Zweimal zwischendurch habe ich eine Zwischenbilanz veröffentlicht und den Eingeladenen auch zugemailt, um alle auf dem Laufenden zu halten.
Und am 11.11. habe ich den Blog-Karneval mit einem Schluss-Artikel und wiederum einer Mail an alle Beteiligten und Interessierten beendet.

8. Das Gewinnspiel zum Blog-Karneval:
Etwa eine Woche vor Ende des Karnevals ist es mir geglückt, einen Gewinn-Sponsor mit einem für die Zielgruppe der Selbstständigen wirklich attraktiven Preis zu finden: Drei Lizenzen einer Finanz- und Kalkulations-Software speziell für kleine Unternehmen. Treffer, versenkt.
Und auch das wurde natürlich an den gesamten Verteiler gemailt.
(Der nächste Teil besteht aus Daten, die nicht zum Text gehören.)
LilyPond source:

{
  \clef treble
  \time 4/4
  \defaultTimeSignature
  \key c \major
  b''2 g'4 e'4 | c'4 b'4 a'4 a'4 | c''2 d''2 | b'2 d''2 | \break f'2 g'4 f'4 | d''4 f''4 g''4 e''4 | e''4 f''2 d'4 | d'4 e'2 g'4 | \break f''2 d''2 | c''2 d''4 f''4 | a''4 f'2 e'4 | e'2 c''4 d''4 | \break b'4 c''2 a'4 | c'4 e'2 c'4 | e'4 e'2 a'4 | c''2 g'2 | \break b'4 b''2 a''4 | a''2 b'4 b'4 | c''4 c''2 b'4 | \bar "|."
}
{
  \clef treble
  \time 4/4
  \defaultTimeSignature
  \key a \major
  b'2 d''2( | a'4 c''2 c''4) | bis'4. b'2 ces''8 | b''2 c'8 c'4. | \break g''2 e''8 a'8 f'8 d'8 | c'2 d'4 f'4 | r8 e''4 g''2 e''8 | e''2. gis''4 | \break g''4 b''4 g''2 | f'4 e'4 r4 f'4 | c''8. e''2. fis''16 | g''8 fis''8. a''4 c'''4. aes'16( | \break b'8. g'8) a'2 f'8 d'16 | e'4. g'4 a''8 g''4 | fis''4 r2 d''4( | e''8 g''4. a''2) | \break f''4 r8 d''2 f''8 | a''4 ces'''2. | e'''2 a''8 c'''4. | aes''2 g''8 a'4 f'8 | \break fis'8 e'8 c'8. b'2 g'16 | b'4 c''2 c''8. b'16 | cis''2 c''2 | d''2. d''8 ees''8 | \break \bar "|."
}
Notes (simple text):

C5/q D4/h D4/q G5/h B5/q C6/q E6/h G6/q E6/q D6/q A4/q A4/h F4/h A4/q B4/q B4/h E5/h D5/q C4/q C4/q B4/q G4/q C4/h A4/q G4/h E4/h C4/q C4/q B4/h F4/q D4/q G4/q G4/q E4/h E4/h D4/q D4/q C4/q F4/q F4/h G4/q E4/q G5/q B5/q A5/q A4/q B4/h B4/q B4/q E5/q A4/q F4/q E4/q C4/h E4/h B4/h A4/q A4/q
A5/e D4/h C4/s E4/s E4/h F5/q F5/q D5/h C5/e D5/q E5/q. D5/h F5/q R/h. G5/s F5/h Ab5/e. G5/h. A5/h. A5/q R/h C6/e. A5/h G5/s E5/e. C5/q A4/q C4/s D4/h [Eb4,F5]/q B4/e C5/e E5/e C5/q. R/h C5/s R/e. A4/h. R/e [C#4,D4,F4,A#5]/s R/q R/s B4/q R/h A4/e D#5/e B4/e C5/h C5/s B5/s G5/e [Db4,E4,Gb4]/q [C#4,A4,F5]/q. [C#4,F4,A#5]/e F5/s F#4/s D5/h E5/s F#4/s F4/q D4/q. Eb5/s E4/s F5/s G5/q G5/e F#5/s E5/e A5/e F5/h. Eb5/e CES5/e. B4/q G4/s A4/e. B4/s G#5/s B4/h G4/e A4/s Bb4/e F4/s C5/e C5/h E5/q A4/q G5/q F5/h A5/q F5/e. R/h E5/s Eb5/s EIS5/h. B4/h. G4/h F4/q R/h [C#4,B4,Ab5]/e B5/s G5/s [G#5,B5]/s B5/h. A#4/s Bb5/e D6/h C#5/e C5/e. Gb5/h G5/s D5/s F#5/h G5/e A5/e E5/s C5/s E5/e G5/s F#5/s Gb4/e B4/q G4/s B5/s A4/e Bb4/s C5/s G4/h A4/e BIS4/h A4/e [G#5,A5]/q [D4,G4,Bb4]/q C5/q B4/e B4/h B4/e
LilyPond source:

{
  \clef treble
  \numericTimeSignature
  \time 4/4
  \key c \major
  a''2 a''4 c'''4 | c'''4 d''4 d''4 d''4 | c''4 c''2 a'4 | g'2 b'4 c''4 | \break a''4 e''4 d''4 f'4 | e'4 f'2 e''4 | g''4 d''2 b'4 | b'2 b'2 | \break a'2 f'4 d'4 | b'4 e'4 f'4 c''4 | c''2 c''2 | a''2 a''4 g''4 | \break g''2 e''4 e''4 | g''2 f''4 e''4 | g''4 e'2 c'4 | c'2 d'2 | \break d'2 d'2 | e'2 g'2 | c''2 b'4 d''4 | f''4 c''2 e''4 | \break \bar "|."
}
9. Die Zusammenfassung der Blog-Karnevals-Ergebnisse:
Das war dann noch mal richtig heftig für mich. Vor allem, weil so unglaublich viele - 131 ! - Beiträge zum Thema eingegangen sind. Ich habe eine Linkliste zu allen Beiträgen erstellt und alle Artikel nach Kategorien sortiert. Dazu musste ich sie natürlich alle lesen, teilweise mehrfach und sortieren.
Aber das Ergebnis kann sich dank der unglaublich tollen Beteiligung sehen lassen, finde ich:

Das Wissensdossier zum Thema Akquise und Kundenbindung
Und diesen Permalink bekamen dann wiederum alle Interessierten und Beteiligten, verbunden natürlich mit einem dicken Dankeschön von mir.

10. Die Nachbereitung
Nach Veröffentlichung des Wissensdossiers habe ich noch einmal eine Pressemitteilung an die kostenlosen Online-Pressedienste und den Medien-Verteiler geschickt, leider bislang auch wieder ohne Resonanz.
Und last but not least gibt es jetzt diese beiden Beiträge, die anderen Business-Blogs die Entscheidung hoffentlich erleichtern, selbst einen Blog-Karneval zu veranstalten.
Als "Sparrings-Partner" stehe ich natürlich gern zur Verfügung, wenn gewünscht.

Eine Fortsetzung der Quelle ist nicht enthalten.